Beyond the middle-income trap: The role of institutions in China’s growth
What would it take for China to get back on its growth trajectory?
AFTER decades of economic expansion, is China losing steam? Discussions around the causes and nature of the economic slowdown in China centre around issues such as the real estate crisis, debt overhang or deflationary spirals. Many of these narratives – such as Adam Posen’s recent article in Foreign Affairs on “The End of China’s Economic Miracle” – highlight the confluence of many factors that contribute to the slowdown. Our research has focused on one of these factors that is structural to the Chinese economy, which we believe is one of the main impediments to growth: the quality of institutions.
We first raised the question of how long China’s economy would continue to grow in a Harvard Business Review article back in 2009. To this question, our answer was, “Not much longer, we suspect, unless the country engages in deep structural reforms that improve its institutions”.

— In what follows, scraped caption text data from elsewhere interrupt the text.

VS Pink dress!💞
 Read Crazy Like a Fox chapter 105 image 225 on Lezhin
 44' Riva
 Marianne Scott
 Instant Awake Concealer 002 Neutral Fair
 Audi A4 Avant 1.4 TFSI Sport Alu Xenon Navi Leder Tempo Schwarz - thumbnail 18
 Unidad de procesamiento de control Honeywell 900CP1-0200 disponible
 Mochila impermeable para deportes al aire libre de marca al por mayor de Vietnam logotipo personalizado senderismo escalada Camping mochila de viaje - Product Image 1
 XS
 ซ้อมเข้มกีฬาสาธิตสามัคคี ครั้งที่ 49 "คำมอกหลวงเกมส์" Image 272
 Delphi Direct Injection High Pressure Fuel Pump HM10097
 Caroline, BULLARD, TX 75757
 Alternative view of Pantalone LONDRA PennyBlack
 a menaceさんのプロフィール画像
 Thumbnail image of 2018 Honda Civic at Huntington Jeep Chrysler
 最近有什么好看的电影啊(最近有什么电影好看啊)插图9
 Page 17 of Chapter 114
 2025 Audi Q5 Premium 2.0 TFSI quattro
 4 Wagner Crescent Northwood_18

Unveiling patterns of growth
Without strong institutions, a country cannot grow past the middle-income level of development to become rich. In 2009, we illustrated the relationship between the quality of institutions and income per capita with a simple scatterplot. As a measure of institutional quality (on the vertical axis), we used the average of six governance indicators produced by the World Bank. These include: rule of law, voice and accountability, quality of regulation, political stability, control of corruption and government effectiveness. On the horizontal axis, we plotted income per capita adjusted for purchasing power parity.